Since then, she’s been often – if not often enough – found at the National: most visibly as the emotionally coiled-up Catherine in the Henry James-derived melodrama The Heiress, as the embittered, unhappily married Masha in Chekhov’s Three Sisters, and, above all, opposite Helen Mirren as the mother-hating Lavinia in Eugene O’Neill’s monumental Mourning Becomes Electra. This last performance, saturated with pent-up venom and righteous anger, bagged her another Critics’ Circle award, this time for Best Actress. Yet she’s openly unsure of her gifts: “I always have a terrible sense that it’s going to be a disaster,” she exclaims, with a laugh, her hazel-brown eyes searching around the Islington café where we’re sitting as if in involuntary search of an exit.
The offer to play the part of Ibsen’s bored, calculating and finally suicidal heroine, who scorns her academic husband yet destroys the life of his closest rival, came after this new version’s author and director Richard Eyre saw Mourning Becomes Electra. She unhesitatingly accepted, but immediately fretted.
“Richard says he always understood Hedda. I was nerve-racked by that, because I didn’t at all. I kept reading it and she seemed quite unpindownable. I wrote a list of all the words you could use to describe her” – here Best frantically reels off a list of stark personality contradictions. “I thought: she’s like a will o’ the wisp!” This would imply, of course, that Best has actually got the measure of the character far better than anyone who simply views her as a moral monster. Being unsure is a rare strength and it’s this tension, which Best carries with her to the stage, which Eyre thinks makes her ideal for the role.

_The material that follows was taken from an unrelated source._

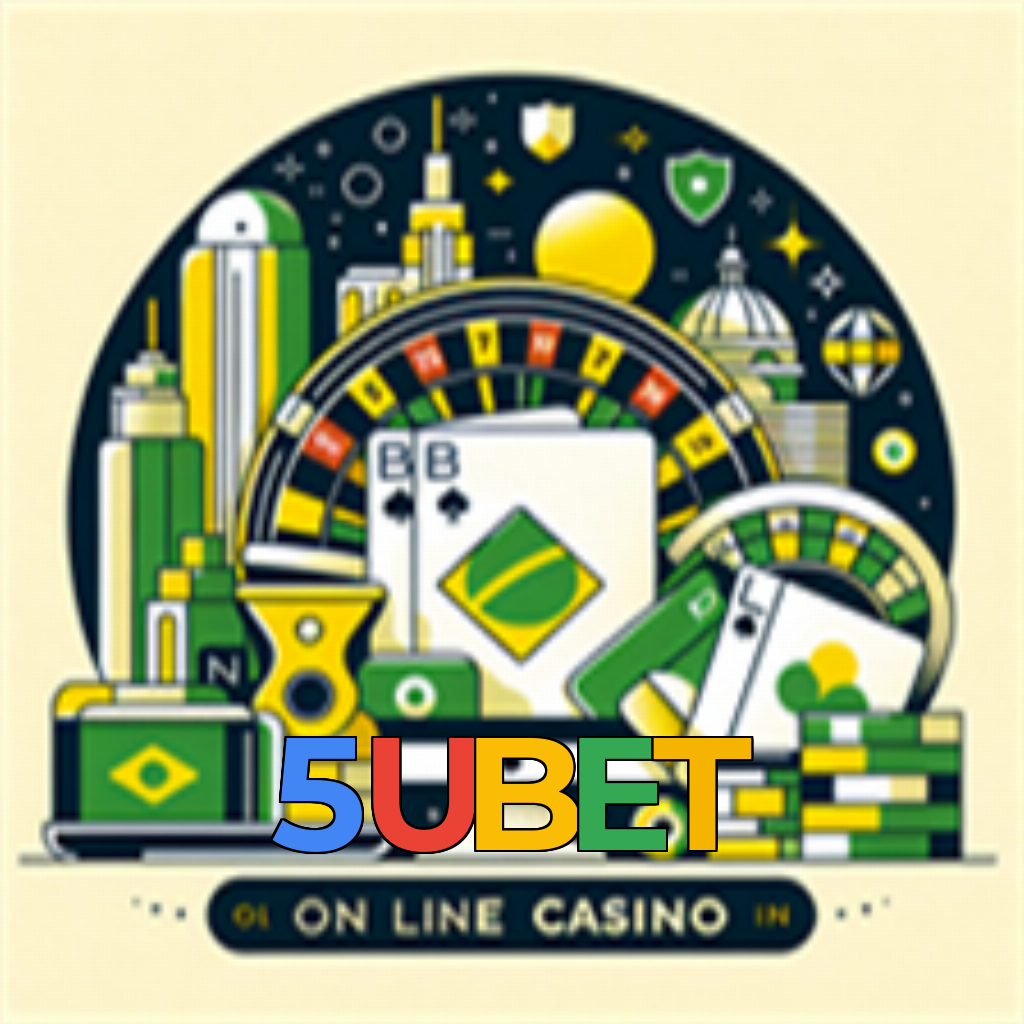 Login no 5UBET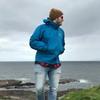 Profile Picture of joel_peter (@@joel_peter1) on Tiktok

“She can be simultaneously forceful and fragile,” he says. “That’s a very rare combination. She can turn on a sixpence.” David Lan, who gave her that all-important break in ‘Tis Pity, concurs: “You think you’re getting a violin, then you discover there’s the resonance of a cello.”
At one point it looked as though Best was never even going to come close to being discovered. She crash-landed after studying English at Oxford: “I thought that it would be easy – ‘I’ll turn up in London and arrive’ – and of course that didn’t happen.”
The first time she applied to Rada she was turned down – “They took one look at me and said, ‘Get lost until you know what you want to do with your life.'” She then spent several years on the London fringe, leaving her poorer but no closer to getting an agent. Rada’s eventual acceptance of her at the age of 24 was the making of her, she says. Even so, despite her rising profile, there have been longish patches when the offers have run dry.
Nothing looms on the horizon after this show – “It’s a blank canvas,” she reveals. Why has she never been approached by, or approached, the RSC, I wonder? She brightens at the prospect: “I’d love to be in Stratford. I’ve always liked the idea of living in the country. I’m really bad at London. Even though I’ve lived here all my life, I still get lost. I still don’t know how to work the Tube or what shops to go to.”
Her self-deprecation is at its most endearing when she recalls her first meeting with Jude Law. “I remember going into the audition and there was this guy who looked like he’d walked out of a Calvin Klein ad. He was beautiful and tanned. I thought, ‘My God, I’m in completely the wrong place!'”
This time round, hers is the name in lights. Much as she may bashfully rebut the suggestion, she’d better get used to the idea that, any day now, it’s going to be other actors who stand in awe of her.
‘Hedda Gabler’ opens at the Almeida Theatre, Almeida St, London N1 (020 7359 4404) on Wed.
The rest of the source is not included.